Home

Advertisement

Customize
analog_tapes
03 April 2007 @ 08:08 pm
come
come back to me my
my darling

i wasnt prepared for this
no
i wasnt prepared for this
no

oh when the day is blue, i sit here
wondering about you...
 
 
analog_tapes
30 March 2007 @ 02:55 am
do i really deserve this? does my heart deserve this burden?
 
 
analog_tapes
29 March 2007 @ 01:54 am
im so frustrated i could explode. i hate living i hate living i hate living i hate living i hate living i hate living i hate living.

im just worthless and i feel like a burden to everyone. god dammit i hate it. i hate my past i hate my present and my future looks doomed. yeah i could try my hardest to make it good but something will ruin it.

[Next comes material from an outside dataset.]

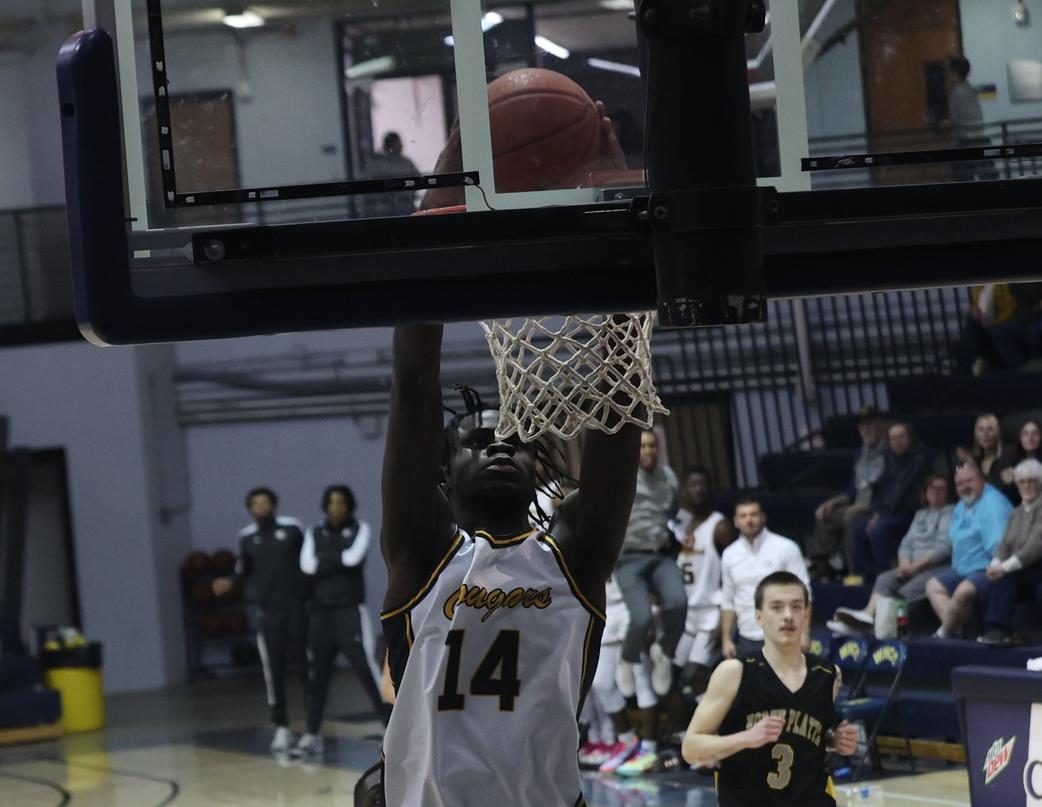 Stephen Ovia dunks in the North Platte game.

will you remember me when im gone?
 
 
analog_tapes
26 March 2007 @ 09:50 pm
i dont even want to say whats going through my mind. im scared to talk to her, thats for sure. it just feels like whatever i do something is going to put a wall up in front of me. the sweatshirt im wearing smells like her perfume and it makes me feel relaxed. i want to go crazy.

today was good. work was awesome. i make commission.
 
 
analog_tapes
26 March 2007 @ 07:02 am
today was a pretty awesome day. i havent had a good day in a while so it was really nice to experience one. a couple of really unexpected things happened and they really made me feel good. i got to hang out with troy and chris grace for a while, and i got to spend a lot of time with sarah, and i loved it. it was really unexpected but i was in heaven the whole time.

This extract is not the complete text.